RALEIGH — In a possible sign that the economy is getting better, traffic fatalities in North Carolina are on the rise after falling off sharply during the 2008 recession.
The number of people who died in traffic accidents in the state rose 5.5 percent in 2012, to 1,292, according to the National Highway Traffic Safety Administration. Of those deaths, 402 were the result of accidents involving alcohol, up 12 percent from the year before.
The upward numbers mirror the national trend; after six years of decline, the number of highway deaths nationwide rose 3.3 percent last year, to 33,561.

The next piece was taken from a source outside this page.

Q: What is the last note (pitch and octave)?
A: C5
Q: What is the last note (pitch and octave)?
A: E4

Traffic fatalities have generally been falling since the 1960s, said David Harkey, director of the Highway Safety Research Center at the University of North Carolina, but they tend to rise and fall with the economy.

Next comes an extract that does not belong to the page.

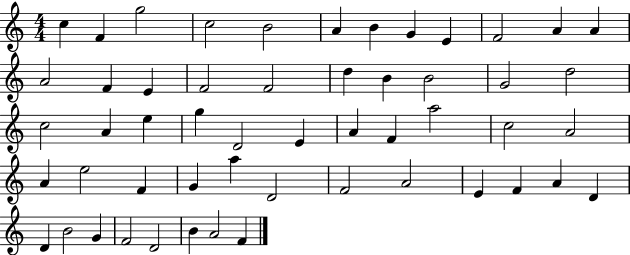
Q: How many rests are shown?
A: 0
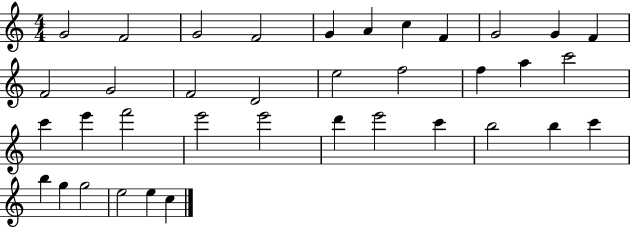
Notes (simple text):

G4/h F4/h G4/h F4/h G4/q A4/q C5/q F4/q G4/h G4/q F4/q F4/h G4/h F4/h D4/h E5/h F5/h F5/q A5/q C6/h C6/q E6/q F6/h E6/h E6/h D6/q E6/h C6/q B5/h B5/q C6/q B5/q G5/q G5/h E5/h E5/q C5/q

“You can look at every recession that we’ve had during that course of time, and there’s always much sharper decline in the number of fatalities and fatality rates during those periods,” Harkey said. “But every time we come out of a recession, you see what you are starting to see now.”
Highway fatalities drop during a recession because drivers clock fewer miles driving for work or pleasure, said Nagui Rouphail, professor of civil engineering at N.C. State University. Fewer vehicle miles traveled or VMT, Rouphail said, leads to less opportunity for accidents, or “lower exposure.”

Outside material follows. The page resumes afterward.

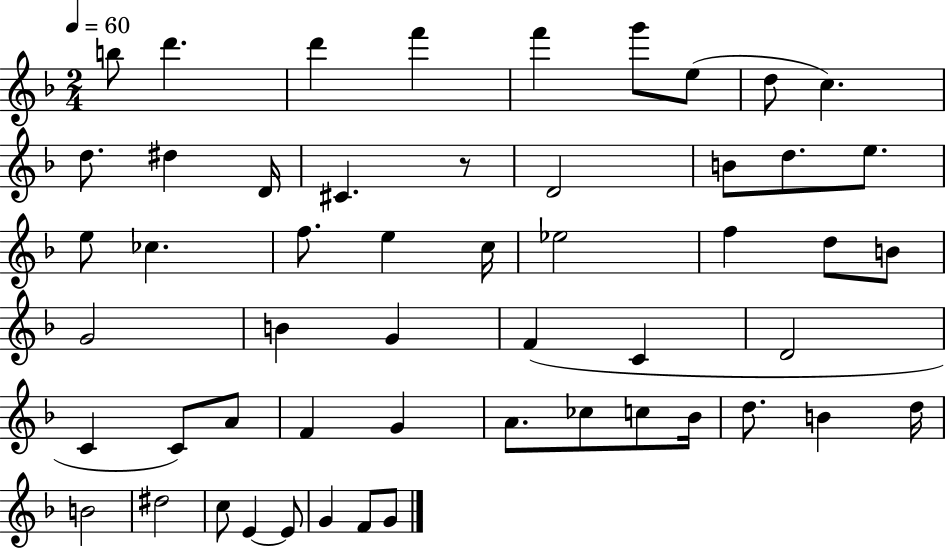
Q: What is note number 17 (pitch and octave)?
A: E5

But as the economy recovers, drivers rack up more miles.
“Our VMT has begun to creep up to pre-recession levels,” Rouphail said. “My expectation is as long as the trend in increased exposure will continue, the only thing to decrease fatalities in any manner is an increase in vehicle safety, decrease in driver distraction.”
Driving has become safer, as shown by the vehicle fatality rate, measured by the government as the number of fatalities for every 100 million miles driven. The rate dropped steadily in North Carolina and nationwide even as the overall number of deaths remained steady or rose slightly before the recession. In North Carolina, 1.2 people died per 100 million miles traveled in the state in 2011, the latest year available, down from 1.7 in 2002.
Harkey said he expects the fatality rate will continue to decline and that the overall number of highway deaths won’t rebound to pre-recession levels.
“The reason is that we continue to make advances in vehicle technologies that makes it more survivable in a crash,” he said.
One technological improvement Harkey cites is electronic stability control systems, now federally mandated on many vehicles. The systems sense slippage in tires and adjust brake pressure for each individual tire, helping to keep cars from skidding on wet or icy roads.
Better roads and increased use of seat belts and child safety seats also help, Harkey said.
“As long as we continue to make vehicle technology advances, improve policy for passengers, and improve our roadways, we will continue to drive down the number of fatalities and the fatality rate,” he said.